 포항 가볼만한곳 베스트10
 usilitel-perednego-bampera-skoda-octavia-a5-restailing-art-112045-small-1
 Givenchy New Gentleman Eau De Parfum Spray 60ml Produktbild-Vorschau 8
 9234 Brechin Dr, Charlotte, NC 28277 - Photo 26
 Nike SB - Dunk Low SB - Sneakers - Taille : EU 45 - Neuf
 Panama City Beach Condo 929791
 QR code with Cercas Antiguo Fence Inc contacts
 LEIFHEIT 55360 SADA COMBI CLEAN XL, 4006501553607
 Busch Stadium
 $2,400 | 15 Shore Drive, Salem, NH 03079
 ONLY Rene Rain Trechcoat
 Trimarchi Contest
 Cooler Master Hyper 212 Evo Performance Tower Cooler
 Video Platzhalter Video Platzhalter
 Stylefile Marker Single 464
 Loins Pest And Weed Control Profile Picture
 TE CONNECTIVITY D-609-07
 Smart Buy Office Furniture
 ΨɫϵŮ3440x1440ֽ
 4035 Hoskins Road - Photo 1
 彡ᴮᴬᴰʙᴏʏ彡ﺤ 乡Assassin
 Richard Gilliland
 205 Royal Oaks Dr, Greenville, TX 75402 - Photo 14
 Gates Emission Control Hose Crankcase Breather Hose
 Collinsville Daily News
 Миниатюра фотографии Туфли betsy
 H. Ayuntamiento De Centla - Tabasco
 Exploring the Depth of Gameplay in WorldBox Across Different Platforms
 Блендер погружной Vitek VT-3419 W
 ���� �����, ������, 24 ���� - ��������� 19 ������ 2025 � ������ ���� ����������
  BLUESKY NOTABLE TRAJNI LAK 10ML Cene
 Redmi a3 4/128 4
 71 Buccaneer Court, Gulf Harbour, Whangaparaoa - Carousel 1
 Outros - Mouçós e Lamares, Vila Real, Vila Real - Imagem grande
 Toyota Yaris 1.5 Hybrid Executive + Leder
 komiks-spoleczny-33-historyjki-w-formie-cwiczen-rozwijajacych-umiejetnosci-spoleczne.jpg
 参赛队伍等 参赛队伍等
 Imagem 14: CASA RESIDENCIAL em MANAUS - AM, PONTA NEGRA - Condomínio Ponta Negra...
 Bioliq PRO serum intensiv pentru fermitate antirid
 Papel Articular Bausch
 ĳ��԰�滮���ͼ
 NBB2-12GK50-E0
• • • • •
How to complete this task:
Retype only the lines above between the line with "205 Royal Oaks" and the line with "参赛队伍等 参赛队伍等", counting those two lines as well, and keep every character as it is.

Solution:
 205 Royal Oaks Dr, Greenville, TX 75402 - Photo 14
 Gates Emission Control Hose Crankcase Breather Hose
 Collinsville Daily News
 Миниатюра фотографии Туфли betsy
 H. Ayuntamiento De Centla - Tabasco
 Exploring the Depth of Gameplay in WorldBox Across Different Platforms
 Блендер погружной Vitek VT-3419 W
 ���� �����, ������, 24 ���� - ��������� 19 ������ 2025 � ������ ���� ����������
  BLUESKY NOTABLE TRAJNI LAK 10ML Cene
 Redmi a3 4/128 4
 71 Buccaneer Court, Gulf Harbour, Whangaparaoa - Carousel 1
 Outros - Mouçós e Lamares, Vila Real, Vila Real - Imagem grande
 Toyota Yaris 1.5 Hybrid Executive + Leder
 komiks-spoleczny-33-historyjki-w-formie-cwiczen-rozwijajacych-umiejetnosci-spoleczne.jpg
 参赛队伍等 参赛队伍等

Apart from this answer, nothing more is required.